SORPTION-DESORPTION OF FLUCARBAZONE AND PROPOXYCARBAZONE AND THEIR BENZENESULFONAMIDE AND TRIAZOLINONE METABOLITES IN TWO SOILS

Authors: Koskinen, William; CALDERON, MARIA - CSIC IRNAS SEVILLA SP; Rice, Pamela; CORNEJO, JUAN - CSIC IRNAS SEVILLA SP

Submitted to: Pest Management Science
Publication Type: Peer Reviewed Journal
Publication Acceptance Date: 1/12/2006
Publication Date: 5/11/2006
Citation: Koskinen, W.C., Calderon, M.J., Rice, P.J., Cornejo, J. 2006. Sorption-desorption of flucarbazone and propoxycarbazone and their benzenesulfonamide and triazolinone metabolites in two soils. Pest Management Science. 62:598-602.

Interpretive Summary: The amount of herbicide in soil that is available for movement to the target pest or for movement into surface and ground waters is controlled by the degree of binding of the chemical to the soil and the rate at which it degrades. Binding is arguably the most important process, as it directly or indirectly controls all other processes. While there is limited information on binding of the newer herbicides, there is very little information on binding of herbicide breakdown products or metabolites. The present study was conducted to determine the binding of two newer use herbicides, sulfonylaminocarbonyltriazolinones, and their principle metabolites. We found that binding of for all four chemicals was greater in soils, which had greater organic carbon and clay contents as compared to sandy soils. Binding of the metabolite could not be predicted from information about binding of the corresponding herbicide. These data show the importance of characterization of binding of herbicide residues (including breakdown products) in soil, particularly in the case of prediction of herbicide residue transport in soil. In this case, potential transport of sulfonylaminocarbonyltriazolinone herbicide metabolites would be over predicted if parent chemical soil sorption values were used to predict transport. These results will aid scientists who are developing mathematical models of pesticide degradation and transport in soil. They show that scientists need to make their models more flexible for binding characterization, which in turn would make the models more accurate in predicting potential movement of herbicides to surface and ground waters.

Technical Abstract: Sorption-desorption interactions of pesticides with soil determine the availability of pesticides in soil for transport, plant uptake, and microbial degradation. These interactions are affected by the physical and chemical properties of the pesticide and soil, and for some pesticides, their residence time in the soil. While sorption-desorption of many herbicides has been characterized, very little work in this area has been done on herbicide metabolites in soil. The objective of this study was to characterize sorption-desorption of two sulfonylaminocarbonyltriazolinone herbicides, flucarbazone and propoxycarbazone, and their benzenesulfonamide and triazolinone metabolites in two soils with different physical and chemical properties.
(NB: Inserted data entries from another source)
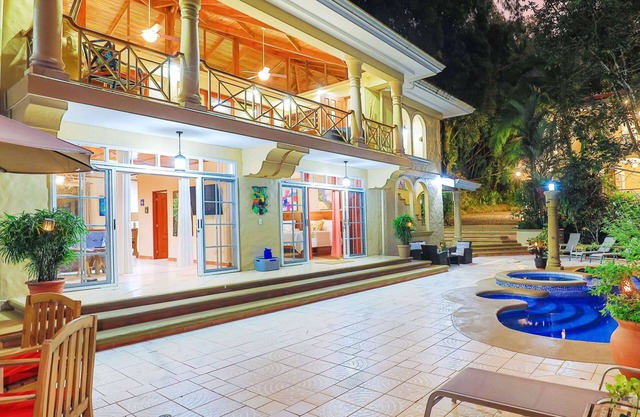 Gated Jungle Home: Security, 2 King Suites, Pool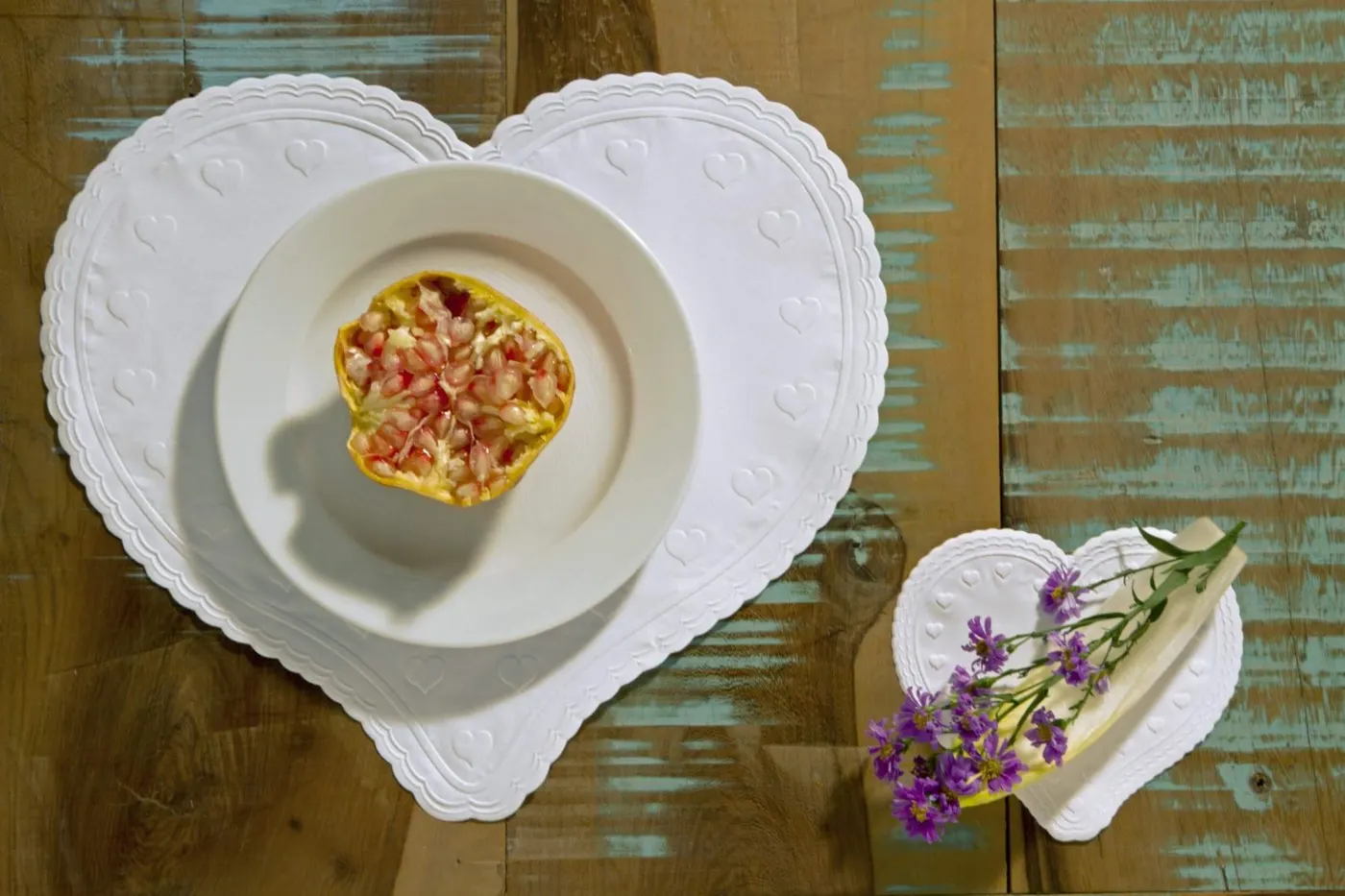 Além dos guardanapos para restaurante, uma maneira de complementar a decoração é utilizar jogos americanos. A Relevo possui peças de excelente qualidade e de vários modelos.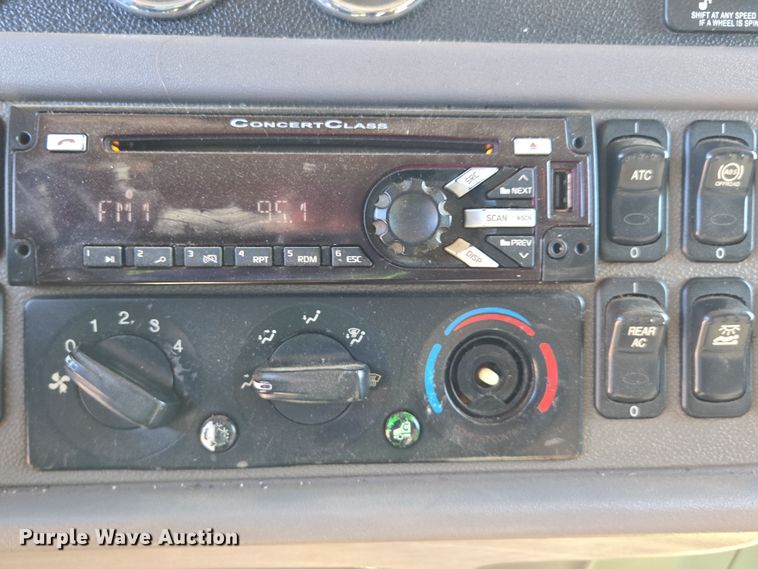 image for item YA0268 2017 Peterbilt 389 semi truck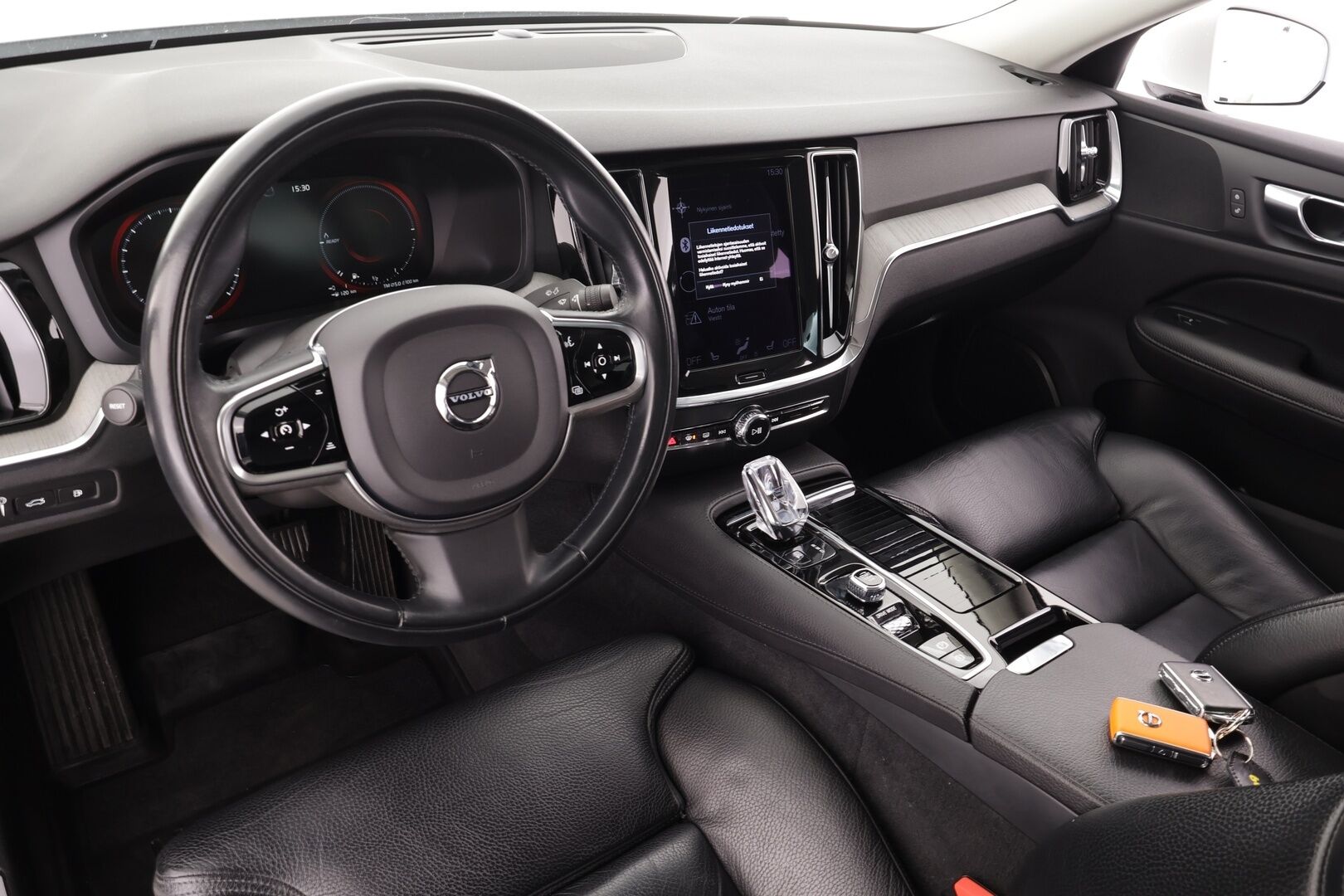 Volvo S60 2021 T8 TwE AWD Business Inscription aut * ACC / P.kamera / Muistipenkki / Webasto / Koukku / LED / Navi * - Nokian Nastarenkaat / Hiljattain Huollettu / Siistikuntoinen / Carplay / 2x Volvo Alut!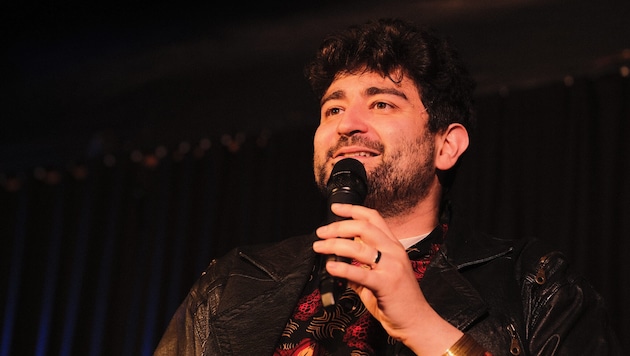 Sebastian Humi trat mit „Das zerrissene Kind: Arabisch – Katholisch – Schwul“ in Graz auf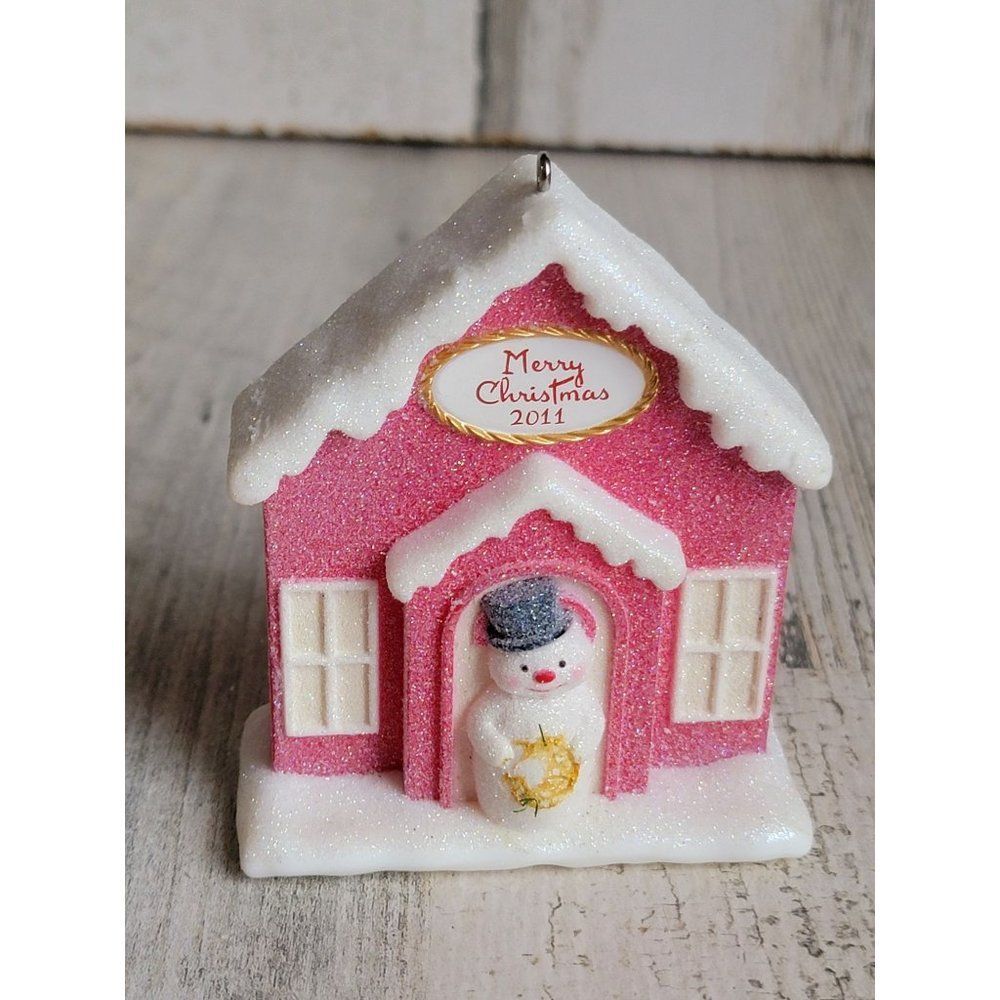 Hallmark welcome Christmas 2011 ornament Xmas glitter‎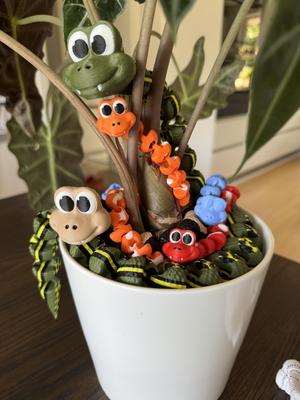 Articulated, flexible  and kids friendly snake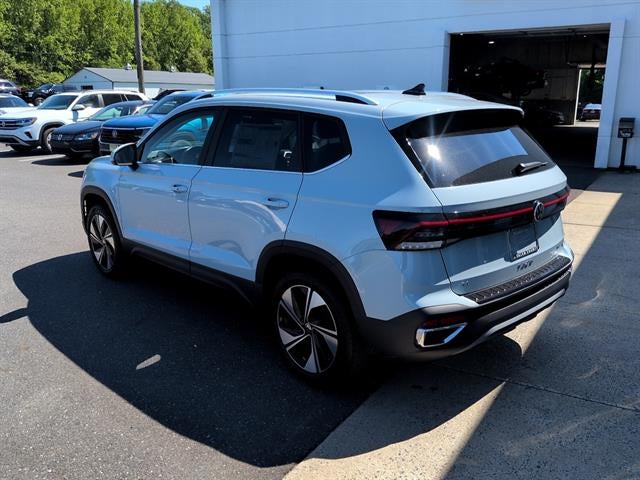 2026 Volkswagen Taos SE 4MOTION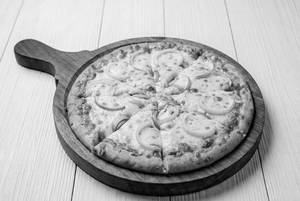 Cheese N Onion Pizza
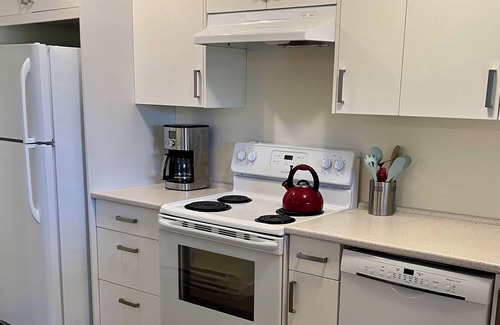 Cumberland House | Comfortable and relaxing suite close to your Cumberland Adventure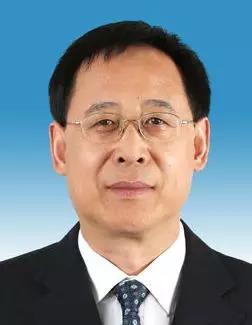 　　國務(wù)院任免國家工作人員。任命秦剛為外交部副部長(zhǎng)；任命陳健為審計(jì)署總審計(jì)師；任命林山青為國家能源局副局長(zhǎng)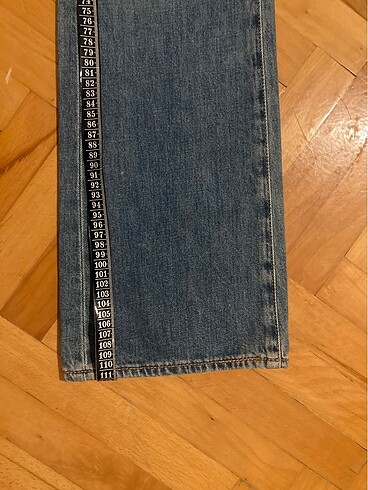 31 Beden mavi Renk Levis efsane model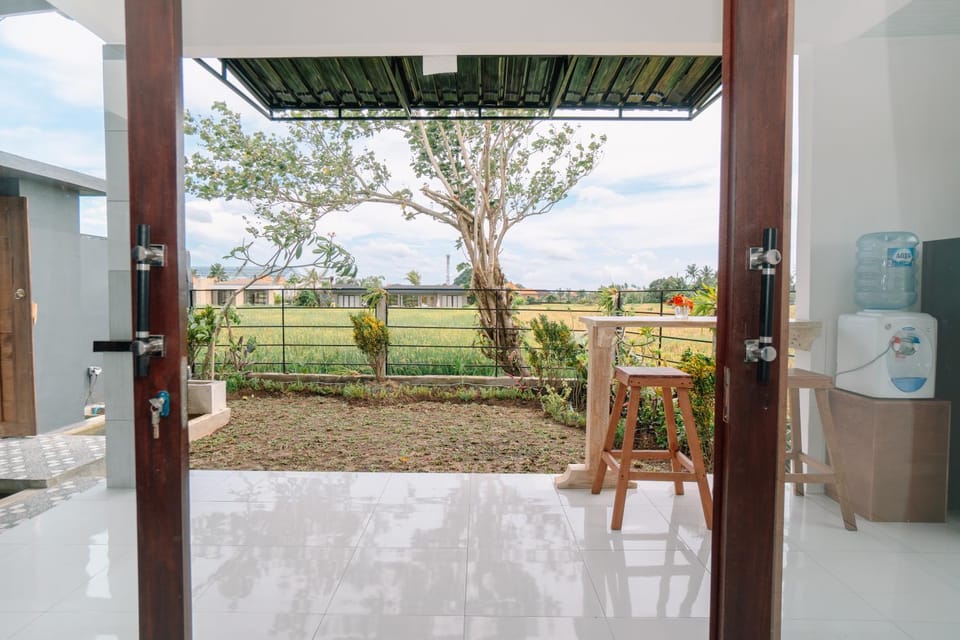 Patio, Day, Garden, View (from property/room), Balcony/Terrace, Dining area, Garden view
Kf values for all four chemicals were greater in the clay loam soil, which had greater organic carbon and clay contents as compared to the loamy sand. Kf-oc ranged from 29 to 119 for herbicides and from 42 to 84 for the metabolites. Desorption was hysteretic in every case. Lower desorption in the more sorptive system might indicate that hysteresis can be attributed to irreversible binding of the molecules to soil surfaces. These data show the importance of characterization of both sorption and desorption of herbicide residues in soil, particularly in the case of prediction of herbicide residue transport in soil. In this case, potential transport of sulfonylaminocarbonyltriazolinone herbicide metabolites would be over predicted if parent chemical soil sorption values were used to predict transport.